No que toca aos pressupostos de admissibilidade específicos do Recurso Especial, inúmeras são as exigências trazidas pela Constituição Federal, pelo Código de Processo Civil e pelo Regimento Interno do Superior Tribunal de Justiça para permitir a apreciação do mérito dessa espécie recursal. Dentre tais exigências podemos citar o prequestionamento, a demonstração analítica da divergência jurisprudencial, a limitação da discussão à matéria de direito regulada em lei federal. Muitos desses requisitos são facilmente constatáveis na legislação. Outros foram construídos – alguns até mesmo inventados – pela jurisprudência.
Dentre os obstáculos criados à apreciação do Recurso Especial, um deles se apresenta, costumeiramente, diante daqueles que pretendem levar seus processos a reexame do STJ em sede de Recurso Especial: a súmula 7 do STJ. Segundo o enunciado sumular retro-referido, a pretensão de simples reexame de prova não enseja Recurso Especial. Ocorre que nem sempre é simples se compreender a jurisprudência do STJ sobre o tema, eis que, o mesmo tema, muitas vezes é decidido de forma diversa pela Corte, sendo algumas vezes considerado matéria de fato, e, em outras tantas, tratado como matéria de direito.
Veja-se o caso das astreintes, multa prevista no artigo 461 do CPC com a finalidade de compelir o devedor de obrigação de fazer ao adimplemento da prestação que lhe foi imposta. Por força da regra do parágrafo 6º do CPC, o juiz poderá, até mesmo de ofício, modificar o valor ou a periodicidade dessa multa, caso verifique que se tornou insuficiente ou excessiva.
Os casos levados à apreciação do STJ envolvendo tal discussão (redução do valor da multa) têm recebido tratamentos diversos. Em vários precedentes o STJ decidiu que a análise da questão relativa à redução das astreintes não pode ser revista na instância especial, salvo se o valor arbitrado for excessivo ou ínfimo, pois tal procedimento implicaria reexame de circunstâncias fáticas que delimitaram a controvérsia, o que seria vedado pela súmula 7/STJ. Em outros casos, abraçando o corretíssimo entendimento de que a multa por descumprimento de decisão judicial não pode ensejar o enriquecimento sem justa causa da parte a quem favorece, o STJ tem dado provimento a recursos especiais e agravos de instrumento para reduzir o valor da multa a patamares razoáveis, sem entender que isso implicaria em reexame de matéria de fato.
Não são poucos os casos de abuso na fixação e cobrança das astreintes.
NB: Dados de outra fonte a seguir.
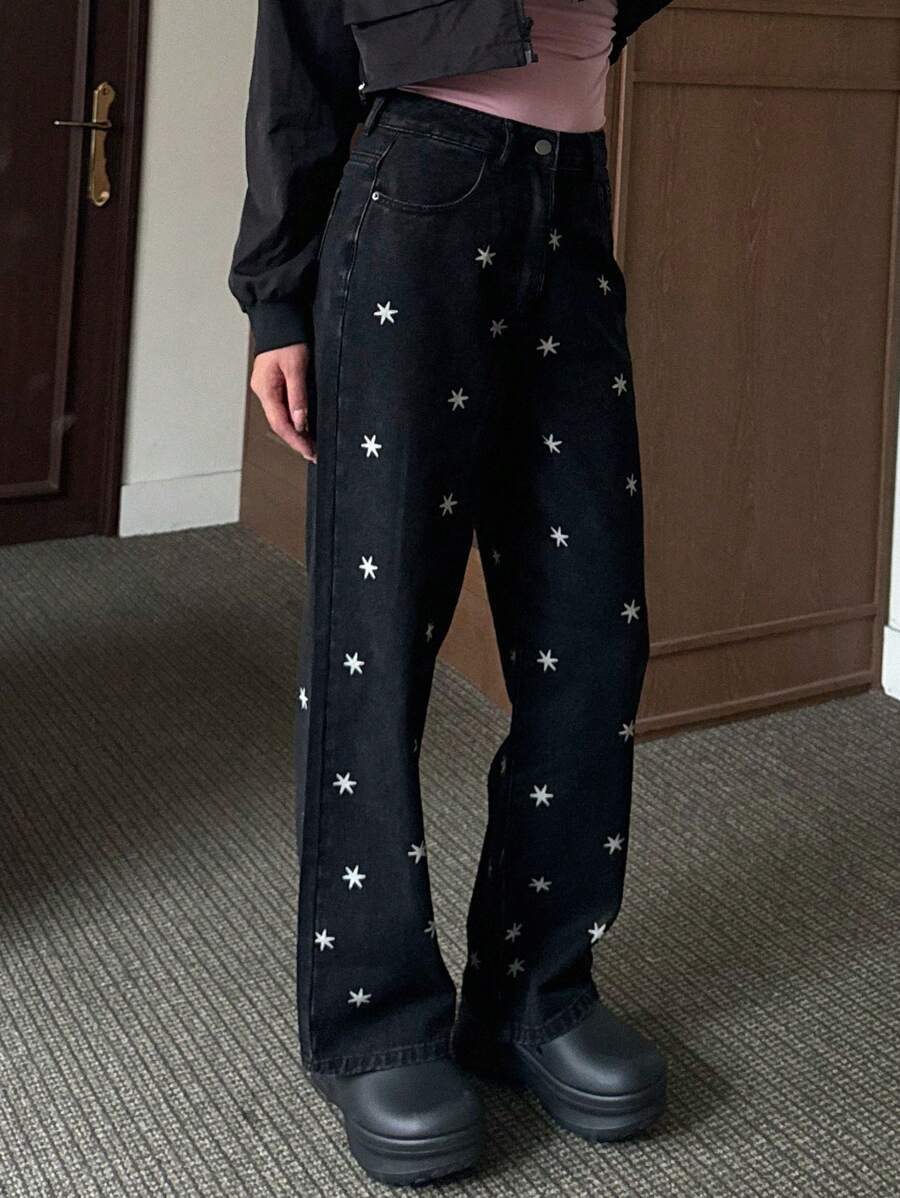 DAZY 1 条女式休闲纽扣前口袋印花牛仔裤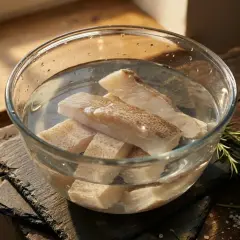 Trozo de bacalao sumergido en agua para desalar.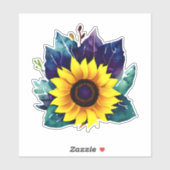 Mooie enkelvoudige open zonnebloem sticker (Vel)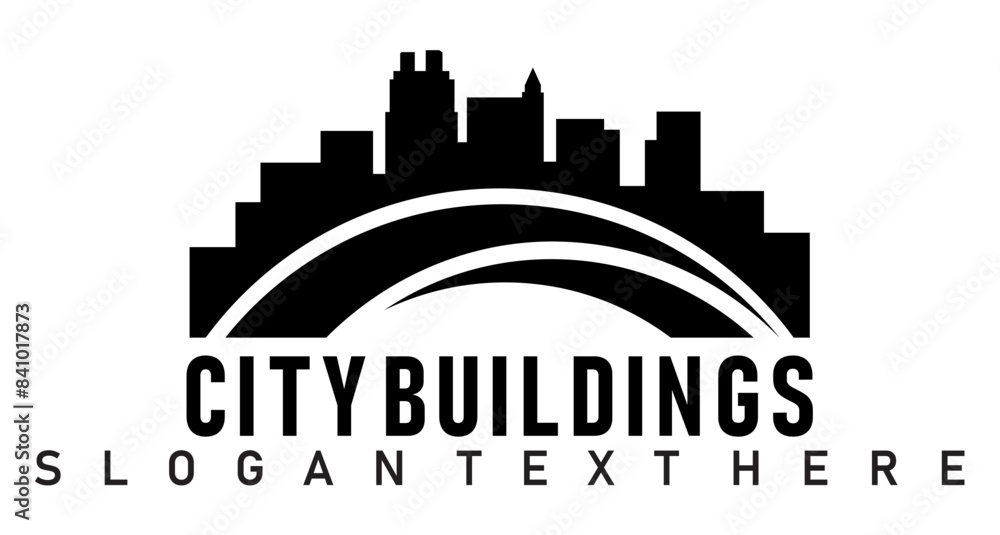 Obraz premium city building skyline logo design vector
Litígios de pequeno valor econômico têm alcançado proporções milionárias em razão de tais multas. Até mesmo em processos em tramitação nos Juizados Especiais, onde o valor econômico do litígio não pode ultrapassar 40 salários mínimos, tais multas têm sido fixadas de forma desproporcional, dando origem a penhoras (on line, na maioria das vezes) de milhões e milhões de reais. Em muitos casos a parte esquece o bem da vida pretendido no processo (o principal) e passa a perseguir apenas o recebimento da multa (o acessório).
Não é preciso que se realize o reexame de fatos ou provas para concluir que é excessivo o valor de R$ 1 milhão cobrado a título de multa em uma ação em que se discute a legalidade – ou ilegalidade – da inscrição do nome de um consumidor nos cadastros de proteção de crédito (SPC e SERASA). Basta bom senso.
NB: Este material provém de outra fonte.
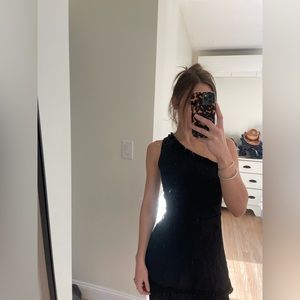 Black off the shoulder mini dress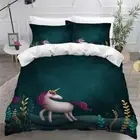 Cover Double Size Green Jungle 3D Bedding Set 3Pcs Cartoon Horse Adults Boys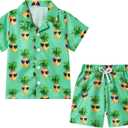 YUEMION Boys Hawaiian Outfit 2Pcs Set Summer Beach Button-Down Shirt Top + Shorts for Kids 2-10 Years (Green - Pineapple)-9-10 Years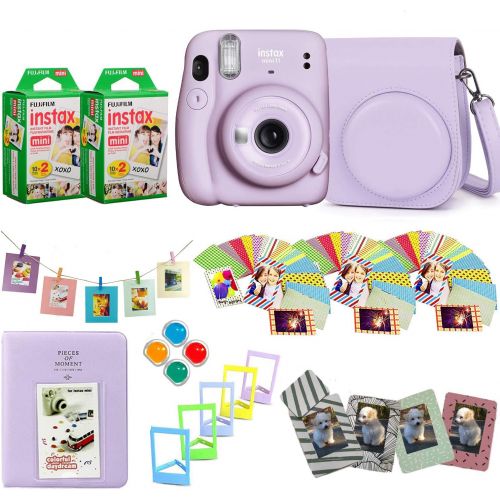 후지필름 Fujifilm Instax Mini 11 Instant Camera + Fuji Instax Film 40 Shots + Protective Case + Magnetic Frames + Album, Frames Design Kit (Lilac Purple)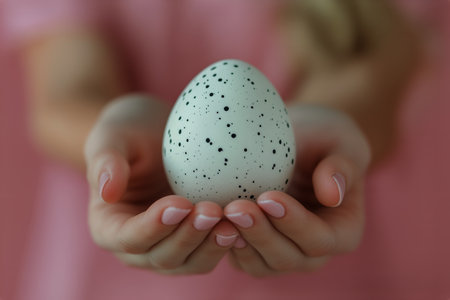 Two hands hold carefully a speckled egg, showing its unique patterns. The soft background adds a gentle touch to the delicate moment, emphasizing the eggs beauty.の素材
Cabe ao STJ, reconhecendo que a fixação das astreintes previstas no artigo 461 do Código de Processo Civil não faz coisa julgada material e pode ser revista a qualquer tempo, pacificar seu entendimento sobre a matéria, afastando a aplicação da súmula 7 desses casos e permitindo a redução de tais multas sempre que se mostrarem exorbitantes ou desproporcionais. Isso porque, evidentemente, tal discussão gira em torno de matéria de direito (artigo 461, parágrafo 6º do CPC) e não sobre matéria de fato, não havendo obstáculo à intervenção da referida Corte de Justiça em tais situações.